------ Data for review ------

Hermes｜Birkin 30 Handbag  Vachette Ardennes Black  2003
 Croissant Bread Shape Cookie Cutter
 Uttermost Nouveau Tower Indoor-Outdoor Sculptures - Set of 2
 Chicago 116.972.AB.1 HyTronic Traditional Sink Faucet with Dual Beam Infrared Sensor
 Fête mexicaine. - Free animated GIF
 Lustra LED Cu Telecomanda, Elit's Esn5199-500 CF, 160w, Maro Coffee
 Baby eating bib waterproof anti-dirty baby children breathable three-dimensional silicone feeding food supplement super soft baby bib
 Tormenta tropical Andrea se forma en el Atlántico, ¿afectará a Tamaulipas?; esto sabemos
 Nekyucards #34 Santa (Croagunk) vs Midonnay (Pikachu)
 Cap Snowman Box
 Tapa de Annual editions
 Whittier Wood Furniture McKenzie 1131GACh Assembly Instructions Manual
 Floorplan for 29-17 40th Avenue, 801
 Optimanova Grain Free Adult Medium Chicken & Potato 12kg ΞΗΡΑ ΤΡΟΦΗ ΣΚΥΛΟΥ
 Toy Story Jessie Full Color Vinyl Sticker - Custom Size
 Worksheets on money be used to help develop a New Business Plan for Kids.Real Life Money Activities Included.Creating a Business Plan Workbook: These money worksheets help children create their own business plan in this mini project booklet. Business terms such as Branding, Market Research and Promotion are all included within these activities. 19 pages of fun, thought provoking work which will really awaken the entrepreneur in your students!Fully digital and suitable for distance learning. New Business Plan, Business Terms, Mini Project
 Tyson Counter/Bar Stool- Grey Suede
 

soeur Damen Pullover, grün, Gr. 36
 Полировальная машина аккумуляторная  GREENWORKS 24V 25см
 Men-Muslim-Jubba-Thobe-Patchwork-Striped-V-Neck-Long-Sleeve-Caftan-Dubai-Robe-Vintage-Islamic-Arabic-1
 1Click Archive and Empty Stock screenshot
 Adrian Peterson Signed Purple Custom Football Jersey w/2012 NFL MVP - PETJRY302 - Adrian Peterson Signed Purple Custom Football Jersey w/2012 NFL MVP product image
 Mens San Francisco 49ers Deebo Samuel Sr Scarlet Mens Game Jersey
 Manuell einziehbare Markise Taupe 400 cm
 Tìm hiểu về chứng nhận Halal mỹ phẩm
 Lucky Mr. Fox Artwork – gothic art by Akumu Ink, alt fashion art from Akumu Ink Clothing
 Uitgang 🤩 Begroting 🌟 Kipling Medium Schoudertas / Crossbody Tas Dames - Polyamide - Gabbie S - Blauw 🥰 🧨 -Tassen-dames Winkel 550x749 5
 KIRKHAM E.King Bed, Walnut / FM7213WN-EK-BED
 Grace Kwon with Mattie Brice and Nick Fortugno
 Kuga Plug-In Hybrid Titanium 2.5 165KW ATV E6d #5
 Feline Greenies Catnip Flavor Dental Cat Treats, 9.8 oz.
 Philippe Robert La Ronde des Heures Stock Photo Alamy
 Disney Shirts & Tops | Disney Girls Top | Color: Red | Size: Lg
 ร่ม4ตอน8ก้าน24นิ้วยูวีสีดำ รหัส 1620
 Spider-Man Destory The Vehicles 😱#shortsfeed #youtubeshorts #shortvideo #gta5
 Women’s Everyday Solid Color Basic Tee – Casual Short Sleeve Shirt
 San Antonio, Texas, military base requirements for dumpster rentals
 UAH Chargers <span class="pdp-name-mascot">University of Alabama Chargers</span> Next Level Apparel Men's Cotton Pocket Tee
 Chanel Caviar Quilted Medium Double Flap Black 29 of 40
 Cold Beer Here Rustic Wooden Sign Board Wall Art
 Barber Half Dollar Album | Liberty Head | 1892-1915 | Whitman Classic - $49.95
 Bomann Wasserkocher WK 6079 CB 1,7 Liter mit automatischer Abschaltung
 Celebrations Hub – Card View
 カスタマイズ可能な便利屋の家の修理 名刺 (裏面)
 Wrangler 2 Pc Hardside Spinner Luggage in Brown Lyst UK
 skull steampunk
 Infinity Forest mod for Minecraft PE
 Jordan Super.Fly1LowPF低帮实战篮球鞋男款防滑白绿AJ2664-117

------

* Exercise instructions
Your answer must be the lines from the first line of the entries above through the line that contains "Toy Story Jessie", written out exactly.

* The answer
Hermes｜Birkin 30 Handbag  Vachette Ardennes Black  2003
 Croissant Bread Shape Cookie Cutter
 Uttermost Nouveau Tower Indoor-Outdoor Sculptures - Set of 2
 Chicago 116.972.AB.1 HyTronic Traditional Sink Faucet with Dual Beam Infrared Sensor
 Fête mexicaine. - Free animated GIF
 Lustra LED Cu Telecomanda, Elit's Esn5199-500 CF, 160w, Maro Coffee
 Baby eating bib waterproof anti-dirty baby children breathable three-dimensional silicone feeding food supplement super soft baby bib
 Tormenta tropical Andrea se forma en el Atlántico, ¿afectará a Tamaulipas?; esto sabemos
 Nekyucards #34 Santa (Croagunk) vs Midonnay (Pikachu)
 Cap Snowman Box
 Tapa de Annual editions
 Whittier Wood Furniture McKenzie 1131GACh Assembly Instructions Manual
 Floorplan for 29-17 40th Avenue, 801
 Optimanova Grain Free Adult Medium Chicken & Potato 12kg ΞΗΡΑ ΤΡΟΦΗ ΣΚΥΛΟΥ
 Toy Story Jessie Full Color Vinyl Sticker - Custom Size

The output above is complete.